In their MSB study, Rappsilber and his coauthors started by using cross-linking mass spectrometry in whole B. subtilis cells to identify potential protein-protein interactions. They identified a total of 560 PPIs, 384 of which had not been previously detected. They followed this up with co-fractionation mass spec experiments, which identified 667 candidate PPIs, resulting in a total of 878 candidate PPIs generated by the two methods.

The researchers then downloaded known high-quality PPIs from the B. subtilis database SubtiWiki and combined them with their experimentally derived PPIs to create a set of 2032 candidate PPIs that they submitted to AlphaFold-Multimer. The software was able to generate high-quality structural models for 114 of these interactions.

AlphaFold-Multimer was also able to predict high-quality structures for 14 trimeric protein complexes, indicating its potential for moving beyond binary PPIs.

Predicting protein complexes consisting of multiple proteins or other molecules remains a difficult challenge, noted Kastritis, who was not involved in the MSB study. A major issue with such larger complexes, he said, has been that minor inaccuracies in protein structure predictions can propagate throughout the broader complex, leading to larger inaccuracies.

Looking ahead, Rappsilber said he sees three main routes — all of which are currently being pursued — by which AlphaFold and other AI-based tools will grow more useful for large-scale PPI and protein complex work.

The first, which he described as the "brute force" approach, is to simply leverage the continuing improvements in computing power.

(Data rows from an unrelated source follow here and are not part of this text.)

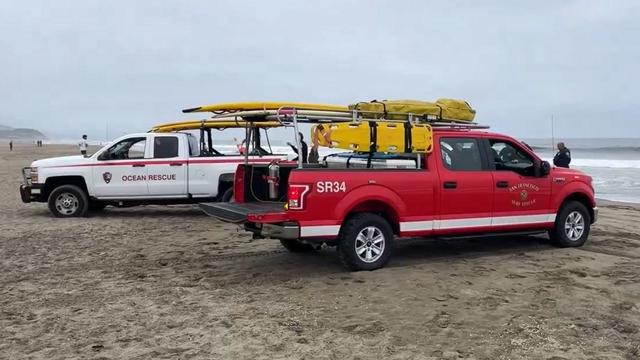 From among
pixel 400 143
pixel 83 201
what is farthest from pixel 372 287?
pixel 83 201

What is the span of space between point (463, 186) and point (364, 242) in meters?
1.65

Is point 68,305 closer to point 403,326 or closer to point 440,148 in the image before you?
point 403,326

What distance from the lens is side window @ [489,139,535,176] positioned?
27.3ft

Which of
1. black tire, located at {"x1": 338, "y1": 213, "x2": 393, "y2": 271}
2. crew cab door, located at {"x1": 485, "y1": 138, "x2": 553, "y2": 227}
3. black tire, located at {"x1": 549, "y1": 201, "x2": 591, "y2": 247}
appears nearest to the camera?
black tire, located at {"x1": 338, "y1": 213, "x2": 393, "y2": 271}

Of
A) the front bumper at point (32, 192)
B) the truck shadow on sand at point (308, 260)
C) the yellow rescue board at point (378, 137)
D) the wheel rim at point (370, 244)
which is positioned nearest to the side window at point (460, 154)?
the yellow rescue board at point (378, 137)

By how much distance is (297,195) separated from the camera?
21.9 feet

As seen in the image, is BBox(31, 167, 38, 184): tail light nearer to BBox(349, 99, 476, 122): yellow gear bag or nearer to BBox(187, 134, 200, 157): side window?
BBox(187, 134, 200, 157): side window

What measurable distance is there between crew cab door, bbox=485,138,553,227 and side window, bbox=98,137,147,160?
7.47 metres

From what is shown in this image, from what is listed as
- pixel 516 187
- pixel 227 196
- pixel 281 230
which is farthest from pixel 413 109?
pixel 227 196

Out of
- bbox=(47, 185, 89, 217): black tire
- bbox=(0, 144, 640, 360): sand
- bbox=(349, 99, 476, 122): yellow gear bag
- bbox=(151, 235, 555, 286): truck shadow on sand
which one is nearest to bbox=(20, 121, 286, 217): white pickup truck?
bbox=(47, 185, 89, 217): black tire

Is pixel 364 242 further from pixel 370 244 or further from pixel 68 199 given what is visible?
pixel 68 199

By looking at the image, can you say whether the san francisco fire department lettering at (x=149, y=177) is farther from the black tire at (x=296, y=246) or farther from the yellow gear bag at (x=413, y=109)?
the yellow gear bag at (x=413, y=109)

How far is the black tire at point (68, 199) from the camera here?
1219 cm

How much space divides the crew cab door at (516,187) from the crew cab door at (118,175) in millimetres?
7346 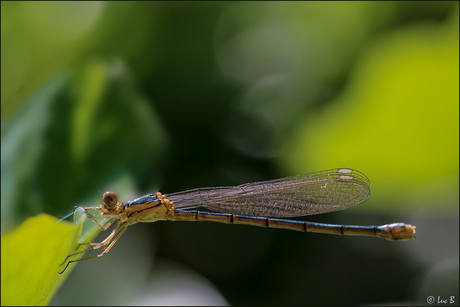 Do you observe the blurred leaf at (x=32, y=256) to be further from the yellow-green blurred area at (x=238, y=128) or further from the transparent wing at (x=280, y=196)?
the transparent wing at (x=280, y=196)

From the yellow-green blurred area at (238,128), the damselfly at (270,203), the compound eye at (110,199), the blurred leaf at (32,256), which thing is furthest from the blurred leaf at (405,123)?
the blurred leaf at (32,256)

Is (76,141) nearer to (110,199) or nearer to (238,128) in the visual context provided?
(110,199)

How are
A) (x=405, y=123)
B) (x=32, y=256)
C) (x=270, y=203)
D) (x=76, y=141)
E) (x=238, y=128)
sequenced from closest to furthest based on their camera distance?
(x=32, y=256)
(x=76, y=141)
(x=405, y=123)
(x=270, y=203)
(x=238, y=128)

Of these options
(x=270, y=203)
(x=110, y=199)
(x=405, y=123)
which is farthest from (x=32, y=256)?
(x=405, y=123)

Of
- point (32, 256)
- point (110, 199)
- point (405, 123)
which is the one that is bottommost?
point (32, 256)

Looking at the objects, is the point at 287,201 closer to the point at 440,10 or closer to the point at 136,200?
the point at 136,200

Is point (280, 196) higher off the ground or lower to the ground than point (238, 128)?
lower

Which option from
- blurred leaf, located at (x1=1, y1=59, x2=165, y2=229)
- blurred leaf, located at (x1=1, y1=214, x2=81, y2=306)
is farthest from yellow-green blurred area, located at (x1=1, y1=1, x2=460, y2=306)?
blurred leaf, located at (x1=1, y1=214, x2=81, y2=306)

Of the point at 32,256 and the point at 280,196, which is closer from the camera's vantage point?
the point at 32,256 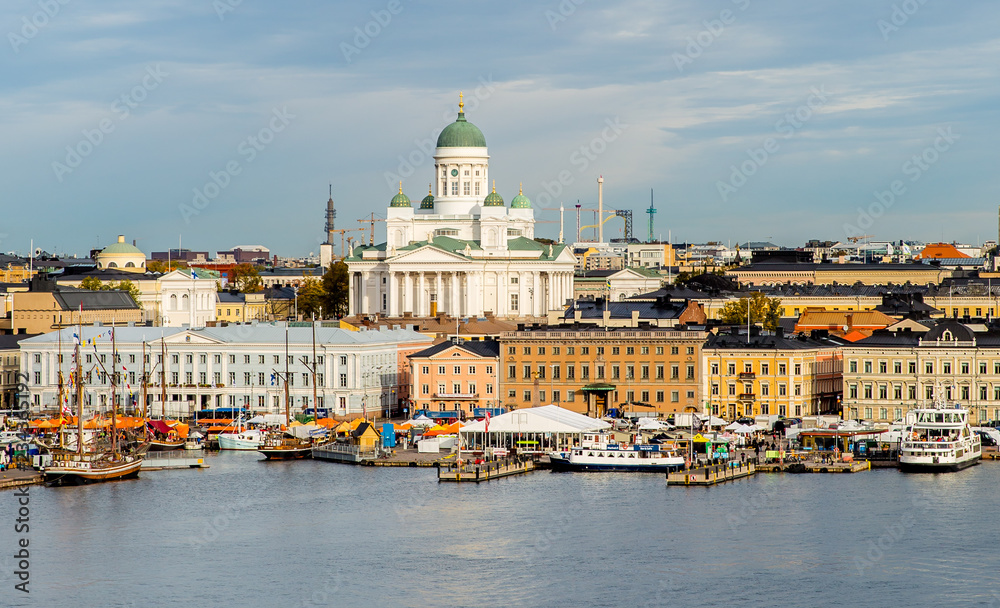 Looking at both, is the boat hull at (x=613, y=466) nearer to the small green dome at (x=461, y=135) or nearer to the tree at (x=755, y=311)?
the tree at (x=755, y=311)

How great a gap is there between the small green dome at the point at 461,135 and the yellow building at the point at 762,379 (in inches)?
1843

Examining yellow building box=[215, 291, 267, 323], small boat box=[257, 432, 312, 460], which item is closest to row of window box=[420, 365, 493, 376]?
small boat box=[257, 432, 312, 460]

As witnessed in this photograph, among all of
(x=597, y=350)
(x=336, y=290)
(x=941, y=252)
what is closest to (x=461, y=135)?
(x=336, y=290)

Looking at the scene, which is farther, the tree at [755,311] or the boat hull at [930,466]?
the tree at [755,311]

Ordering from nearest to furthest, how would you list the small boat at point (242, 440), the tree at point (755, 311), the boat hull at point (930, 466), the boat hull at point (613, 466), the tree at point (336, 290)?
1. the boat hull at point (930, 466)
2. the boat hull at point (613, 466)
3. the small boat at point (242, 440)
4. the tree at point (755, 311)
5. the tree at point (336, 290)

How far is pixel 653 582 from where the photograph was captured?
4144cm

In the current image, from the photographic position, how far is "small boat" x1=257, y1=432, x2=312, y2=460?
210 feet

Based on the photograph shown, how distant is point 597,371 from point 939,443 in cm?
1619

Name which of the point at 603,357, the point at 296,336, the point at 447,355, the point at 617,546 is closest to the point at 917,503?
the point at 617,546

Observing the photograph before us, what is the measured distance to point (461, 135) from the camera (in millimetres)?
115500

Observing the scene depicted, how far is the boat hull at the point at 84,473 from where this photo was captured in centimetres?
5625

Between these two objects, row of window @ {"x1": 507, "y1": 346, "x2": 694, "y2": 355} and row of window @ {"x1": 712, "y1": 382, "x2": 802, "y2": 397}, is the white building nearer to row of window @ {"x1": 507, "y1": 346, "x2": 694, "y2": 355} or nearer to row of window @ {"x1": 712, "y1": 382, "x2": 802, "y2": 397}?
row of window @ {"x1": 507, "y1": 346, "x2": 694, "y2": 355}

"Wait a bit and your smartwatch will be able to do it," he joked.

The second path is the ongoing development of faster and more efficient computational strategies for doing such work, such as the FoldDock pipeline noted above.

The third is more effective integration of experimental data to aid AI-based predictions. This is where much of his lab's efforts are focused, Rappsilber said, pointing to a recent paper from his lab detailing a version of AlphaFold2 called AlphaLink that incorporates data from sources like cross-linking mass spec experiments data that can provide the software with information on the distance between certain amino acid residues.

With cross-linking data, "we could get structures for challenging targets where AlphaFold alone failed," he said.